Nevertheless, reproducibility and productivity should go hand in hand. For this reason, KubeFlow and Pachyderm can be jointly used in practice. In such a scenario, Pachyderm would provide the reproducibility through pipelines and KubeFlow would bring with the ease of deployment and distributed framework integrations (see 67 for more details).

So what should I use?

After an introduction to tools such as DVC and Pachyderm, one last question remains: Which is the best tool in production? And as always the answer is – it depends. DVC can improve productivity in smaller teams to organize and version projects and link the source code to the data. However, for organizations willing to introduce a workflow, richly-featured tools such as Pachyderm are the way to go. Taking one step further, KubeFlow paves the way for large-scale and distributed applications.

From a different point of view, the discussion behind it could be seen as a discussion about Kubernetes itself. This is fairly more wide-reaching and asks fundamental questions such as: Can we pay someone to set up and maintain the Kubernetes Cluster? Are our applications and workflows complex enough (multiple nodes, not multiple GPUs) to justify the overhead of Kubernetes?

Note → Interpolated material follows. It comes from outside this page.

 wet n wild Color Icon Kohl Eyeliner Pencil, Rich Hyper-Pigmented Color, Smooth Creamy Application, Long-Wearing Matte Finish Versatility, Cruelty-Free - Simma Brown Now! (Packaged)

Unfortunately, we can’t answer these questions in this blog post.

Wrapping it up

In Machine Learning, programs can have the same meaning and even speak the same language but output different results because context matters and implementations are full of (intended) randomness. Further, development in ML is very sensitive to changes and even small differences can have high impacts on the result. For reproducibility, we have to record the full story and keep track of all changes.

Frameworks such as DVC or Pachyderm help to keep track of not only the code but also the data. Furthermore, they use pipelines to reproduce results and simplify collaborative projects. This increases the reproducibility and corresponds to the responsibility in ML. On top of this, the tools are a first step towards the fulfillment of laws like the GDPR because results can at least be reproduced. However, these solutions are to some extent immature and evolve quickly (however, just like everything else in ML). It is still a long way to go to obtain practices in ML which are comparable to standards in software engineering.